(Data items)
■ ■ ■ ■

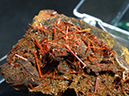 %_tempFileName2867-2_Crocoite_AdelaideMine_Dundas_Tasmania_Australia%
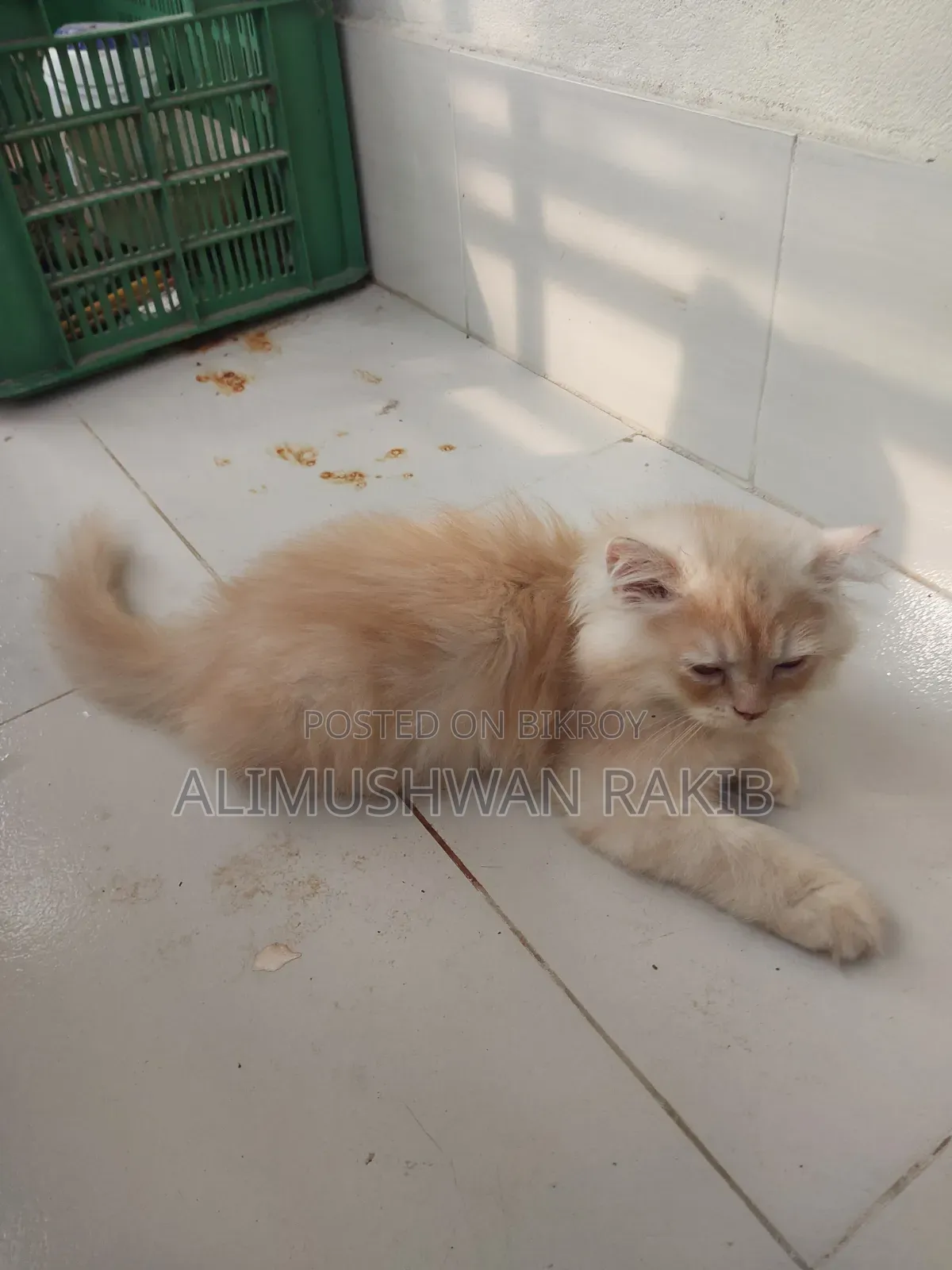 1-3 Months Male Purebred Persian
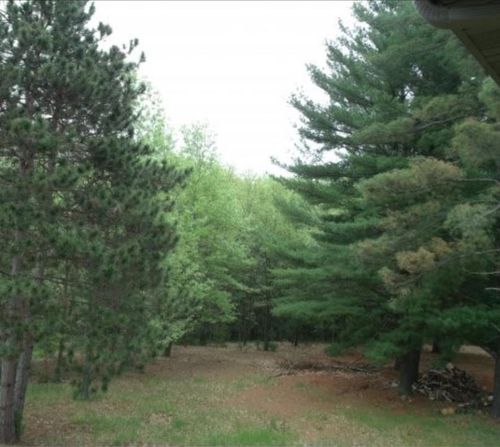 N2737 Ona Pines Road, MUKWA, WI, 54883 | Card Image
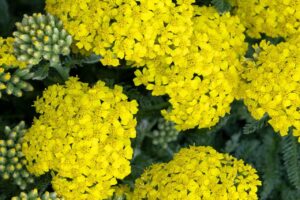 Achillea desert eve yellow yarrow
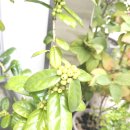 화니피는샵 | 전주 꽃집추천 | 화니피는꽃, 내 마음까지 포장해준 꽃다발 후기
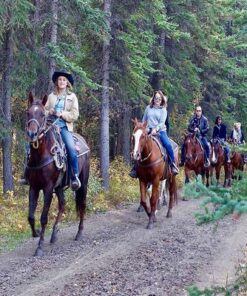 You can have a amazing day by joining the Marmaris horse safari tour.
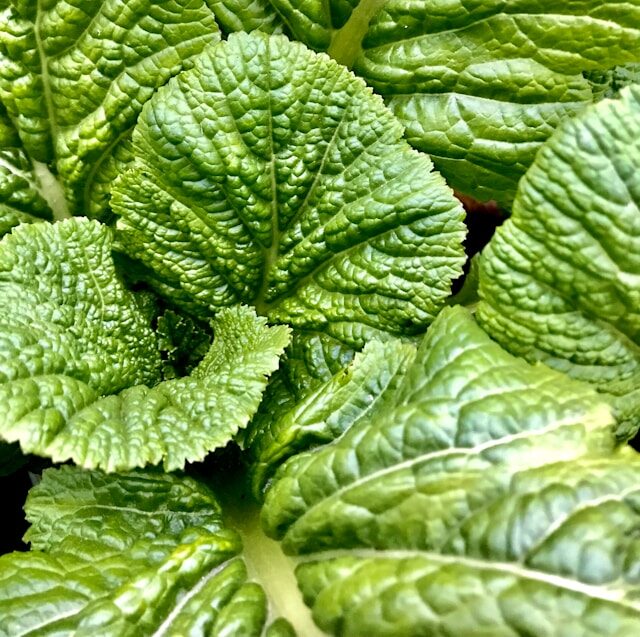 mustard greens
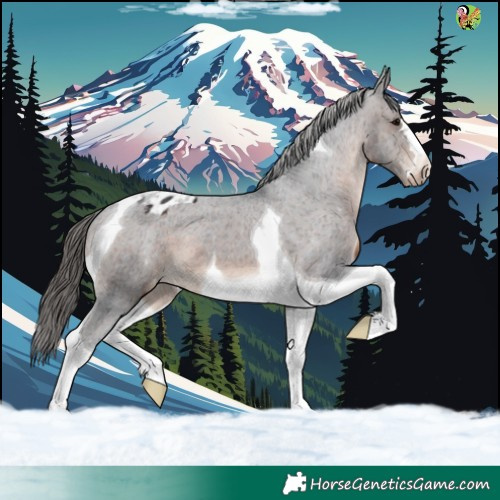 Horse Color:Brown Tobiano Appaloosa 
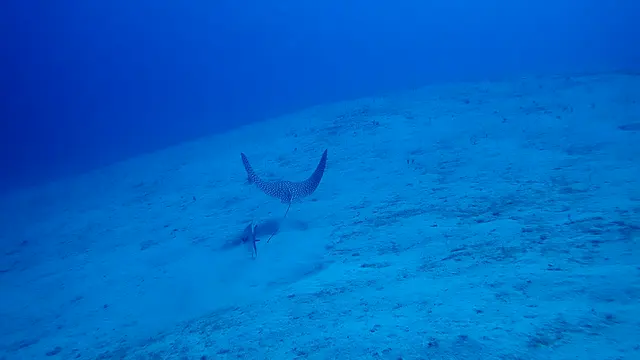 Spotted Eagle Ray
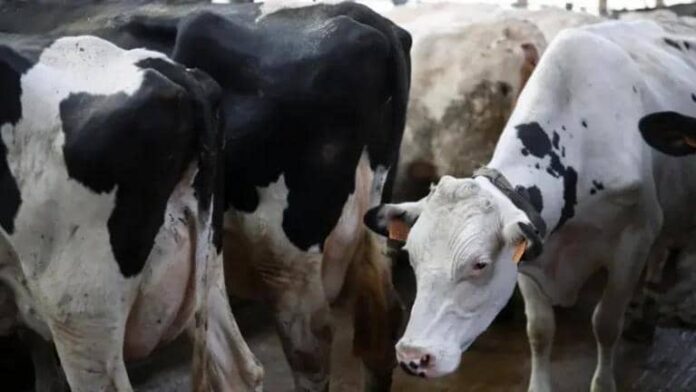 Tsawa da walƙiya sun yi ajalin shanu a 8 jihar Ondo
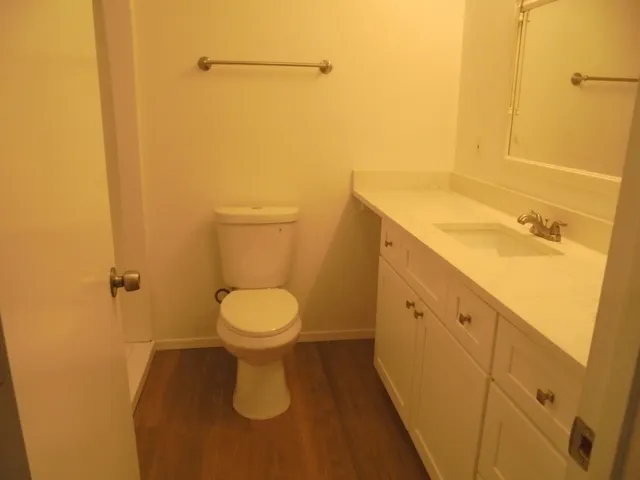 a bathroom with a sink and a toilet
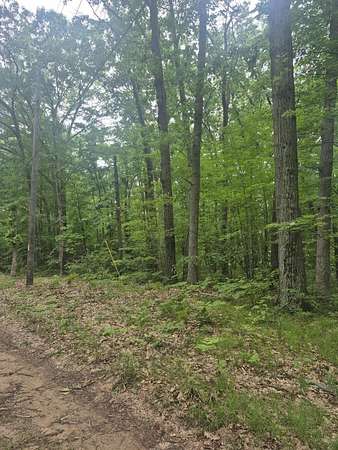 1 Acre of Residential Land for Sale in Fountain, Michigan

■ ■ ■ ■

> [What the exercise asks] Your copy should hold exactly the lines from the one that contains "Achillea desert eve yellow yarrow" through the final line of the data, both ends included, and no pictures.

> [Response to the exercise]
 Achillea desert eve yellow yarrow
 화니피는샵 | 전주 꽃집추천 | 화니피는꽃, 내 마음까지 포장해준 꽃다발 후기
 You can have a amazing day by joining the Marmaris horse safari tour.
 mustard greens
 Horse Color:Brown Tobiano Appaloosa 
 Spotted Eagle Ray
 Tsawa da walƙiya sun yi ajalin shanu a 8 jihar Ondo
 a bathroom with a sink and a toilet
 1 Acre of Residential Land for Sale in Fountain, Michigan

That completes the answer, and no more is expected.